Supplied entries:
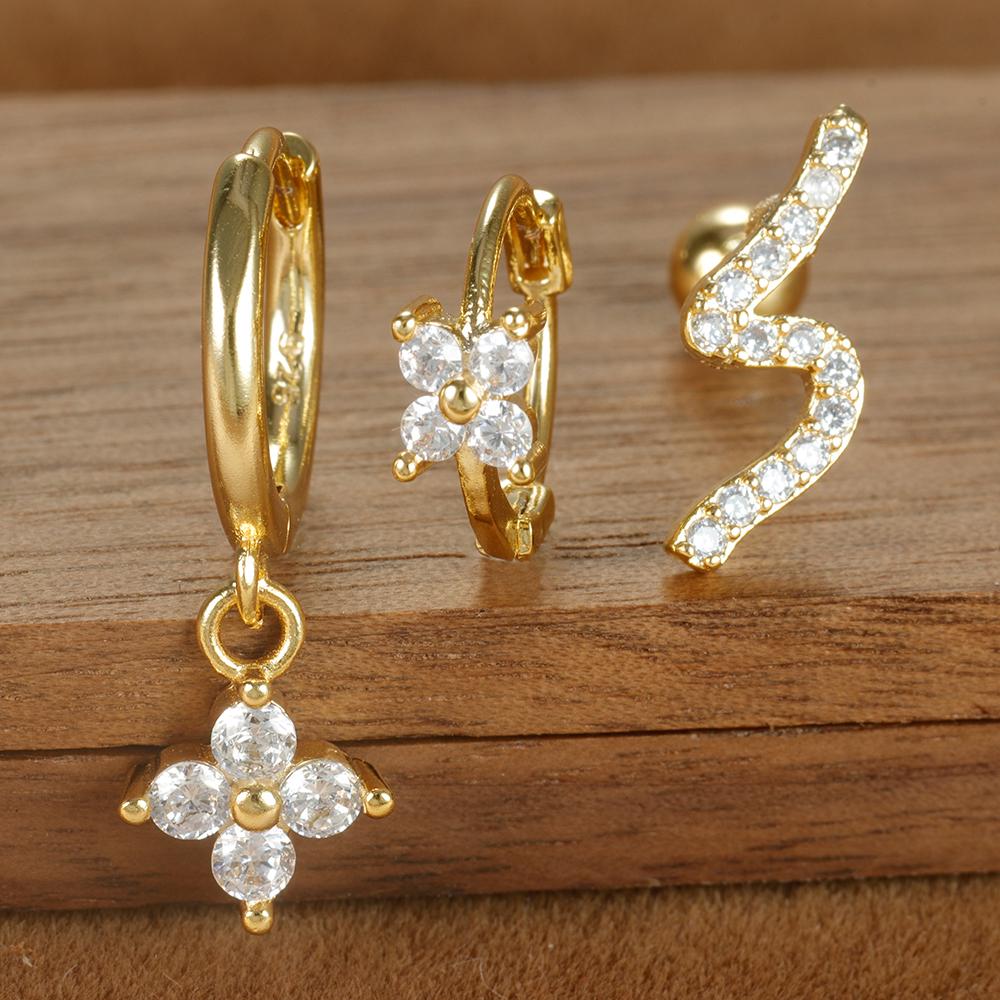 3 шт. Простые маленькие серьги-кольца с четырьмя цветами и цирконами, набор сережек-пирсингов для хряща в виде звезды из нержавеющей стали для женщин, модные украшения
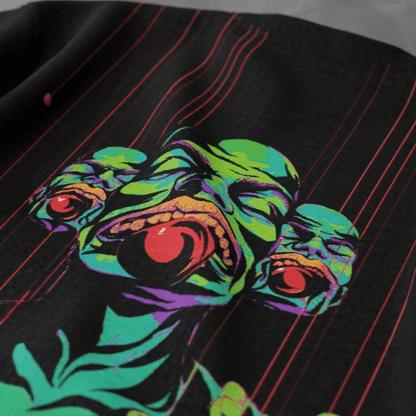 LUCID SHIFT reversible T-shirt — both sides flat lay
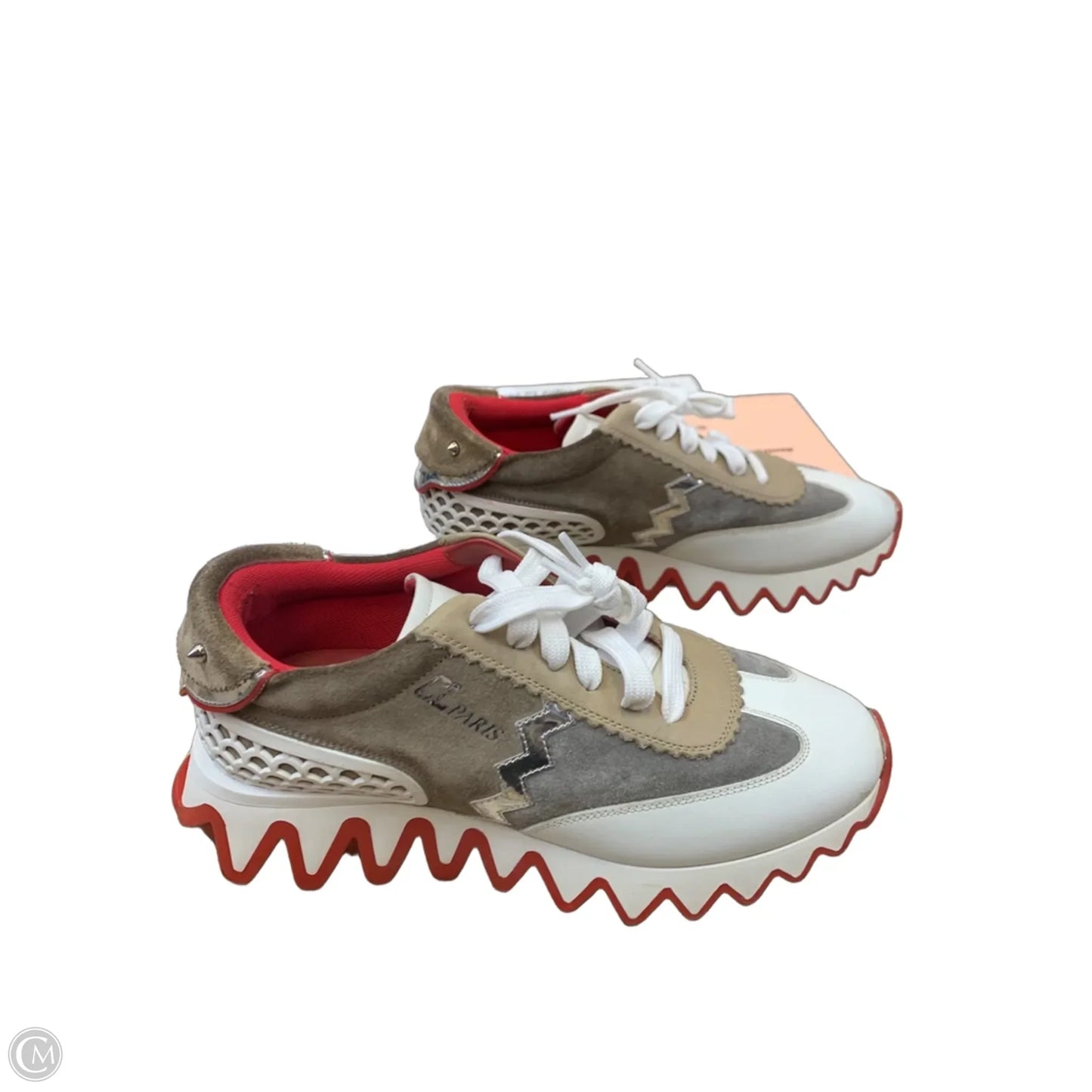 Shoes Luxury Designer By Christian Louboutin In Taupe, Size: 8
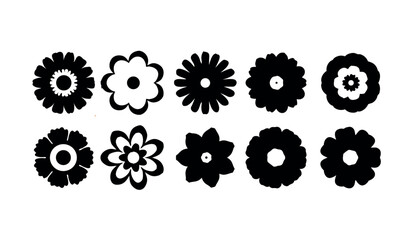 Collection of silhouettes Flower icon, Abstract  botanical flower set. Vector illustration, Style for banners,icon, sticker, wallpaper, posters, websites, online shopping.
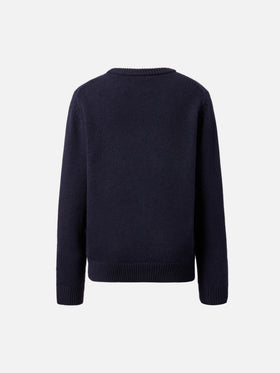 Marineblauer Pullover Douglas mit Tutto la mamma-Jacquard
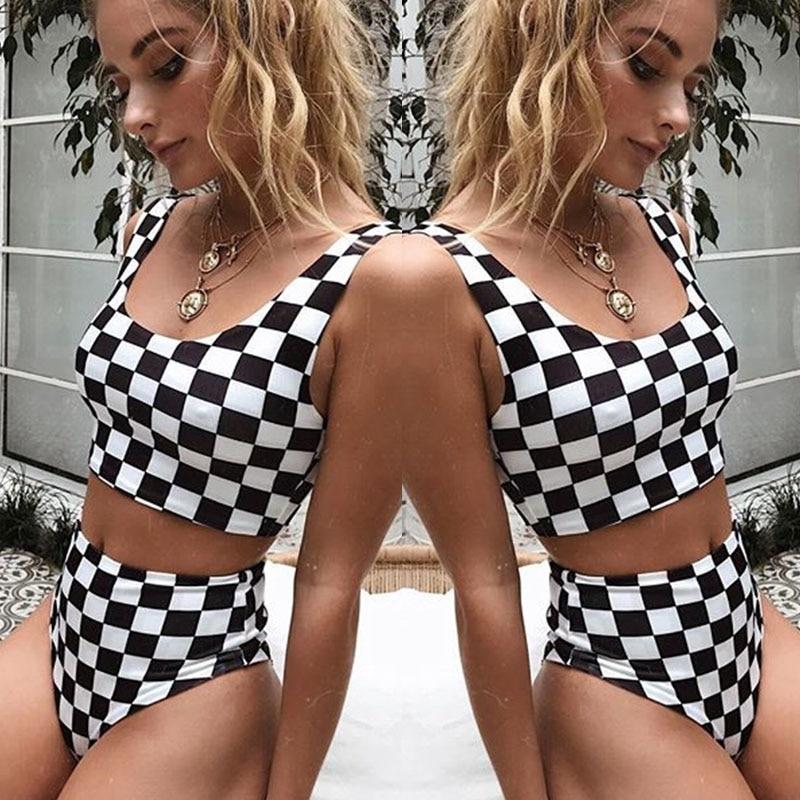 High Waist Swimwear Women Plaid Bathing Suit Two Pieces Swimsuit Tankini Halter Bandeau Beach Wear trajes de bano Mujer Trikinis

Description of the task:
When copying from the data above, begin at the line containing "Shoes Luxury Designer" and end at the line containing "Collection of silhouettes"; return those lines exactly and leave all pictures behind.

Written answer:
 Shoes Luxury Designer By Christian Louboutin In Taupe, Size: 8
 Collection of silhouettes Flower icon, Abstract  botanical flower set. Vector illustration, Style for banners,icon, sticker, wallpaper, posters, websites, online shopping.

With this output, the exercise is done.